| Literature DB >> 35222231 |
Amy Vaux1, Karen Robinson1, Burcu Saglam2, Nathan Cheuk1, Trevor Kilpatrick1,3, Andrew Evans1, Mastura Monif1,4.
Abstract
Anti-N-methyl-D-aspartate (NMDA) receptor antibody (anti-NMDAR Ab)-mediated encephalitis is an autoimmune disorder involving the production of antibodies against NMDARs in the central nervous system that leads to neurological or psychiatric dysfunction. Initially described as a paraneoplastic syndrome in young women with teratomas, increased testing has found it to be a heterogeneous condition that affects both the sexes with varying clinical manifestations, severity, and aetiology. This case report describes a 67-year-old man with a 40-year history of relapsing, severe, treatment-refractory schizophrenia. Due to the worsening of his condition during a prolonged inpatient admission for presumed relapse of psychosis, a revisit of the original diagnosis was considered with extensive investigations performed including an autoimmune panel. This revealed anti-NMDAR Abs in both the serum and cerebrospinal fluid on two occasions. Following treatment with intravenous immunoglobulin and methylprednisolone, he demonstrated rapid symptom improvement. This is a rare case of a long-standing psychiatric presentation with a preexisting diagnosis of schizophrenia subsequently found to have anti-NMDAR Ab-mediated encephalitis. Whether the case is one of initial NMDAR encephalitis vs. overlap syndrome is unknown.
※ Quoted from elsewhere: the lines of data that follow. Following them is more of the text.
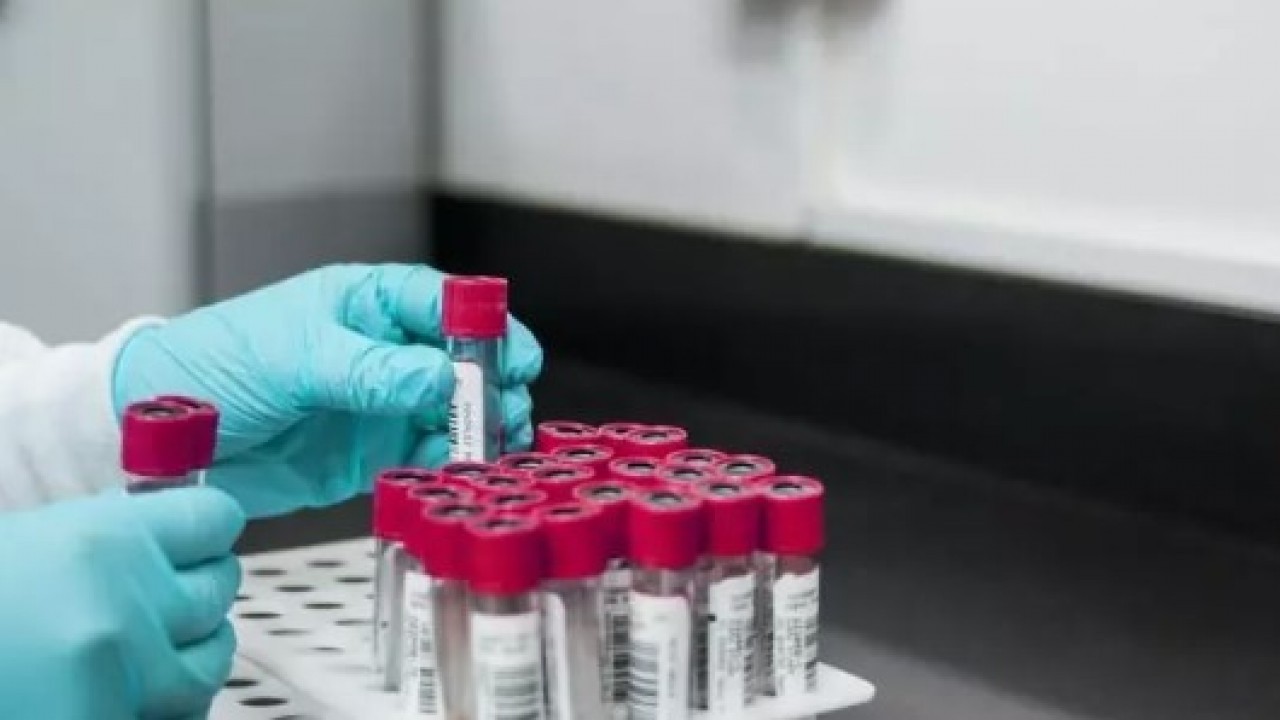 Foto - Japon bilim adamları açıkladı: Bu kan gurubuna sahipseniz özelsiniz!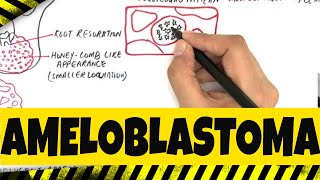 Ameloblastoma  Origination Clinical Radiographic amp Histopathologic features [upl. by Johan634]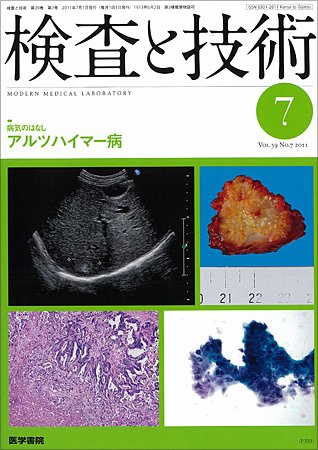 検査と技術 Vol.39 No.7 (発売日2011年07月01日) 表紙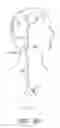 Fig. 40 - Method and apparatuses for treating an intravascular occlusion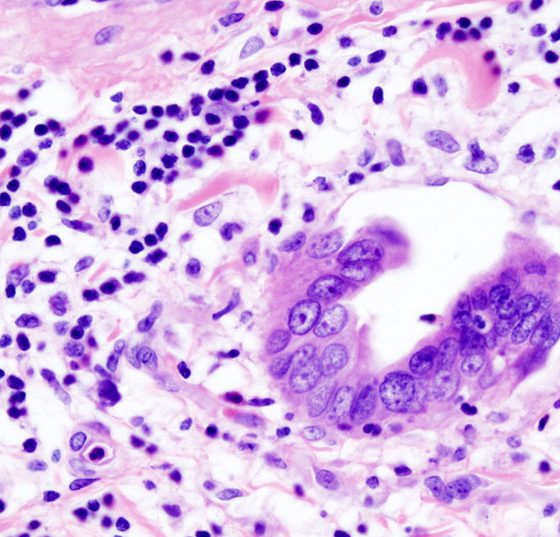 gallenblasenkarzinom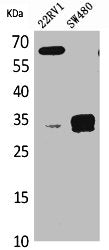SFTPA2 Antibody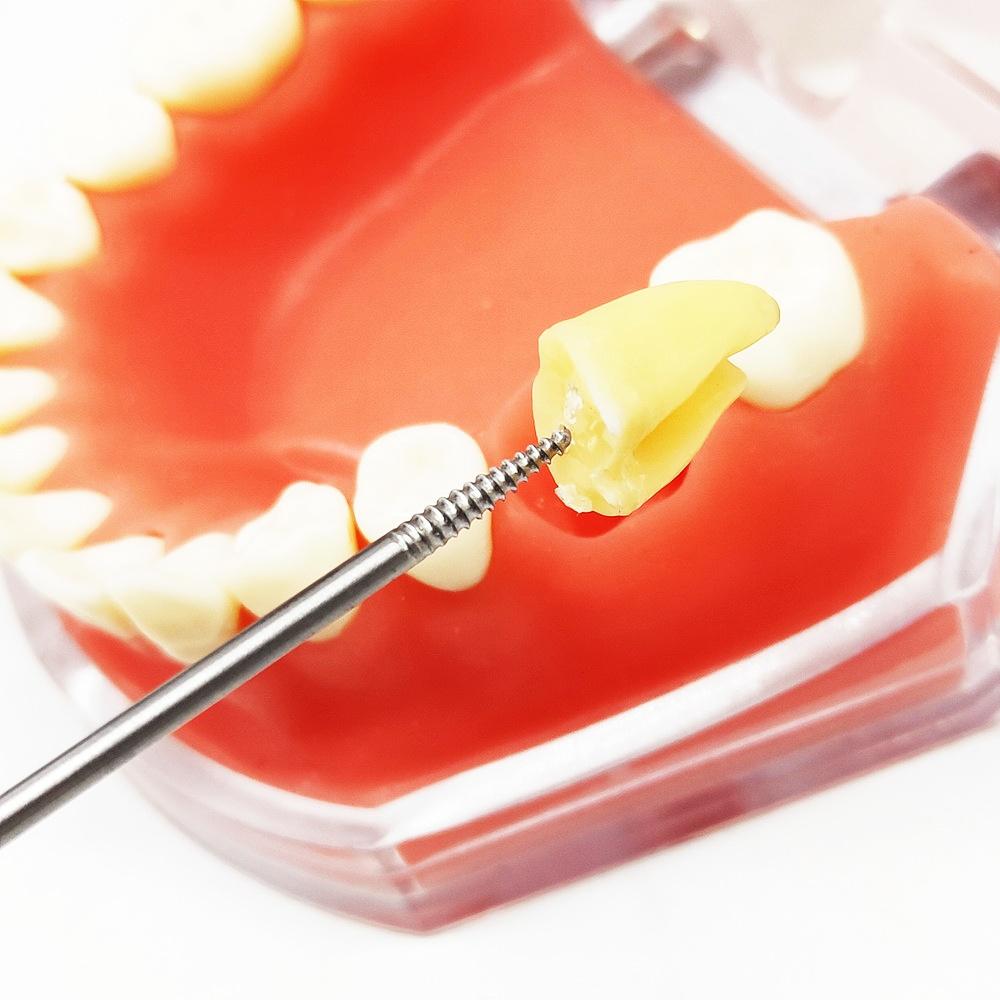 1 Stück oder 3 Stück Zahnwurzel-Zahnextraktionsschraube Zahnwurzelschraubenextraktor Apikale Wurzelfragmente Werkzeuge Zahnärztliche Werkzeuge für gebrochene Wurzeln Medizinisch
Most importantly, this case highlights the need for vigilance and balanced consideration for treatment in cases of long-standing psychiatric presentation where the case remains treatment refractory to antipsychotics or when atypical features including seizures and autonomic dysfunction or focal neurology are observed.Entities:
Keywords: NMDA antibody; NMDA encephalitis; autoimmune encephalitis; case report; chronic schizophrenia; diagnostic dilemma; neuropsychiatric disorders
Year: 2022 PMID: 35222231 PMCID: PMC8873086 DOI: 10.3389/fneur.2021.810926
Source DB: PubMed Journal: Front Neurol ISSN: 1664-2295 Impact factor: 4.003
Inpatient unit (IPU) admission summary.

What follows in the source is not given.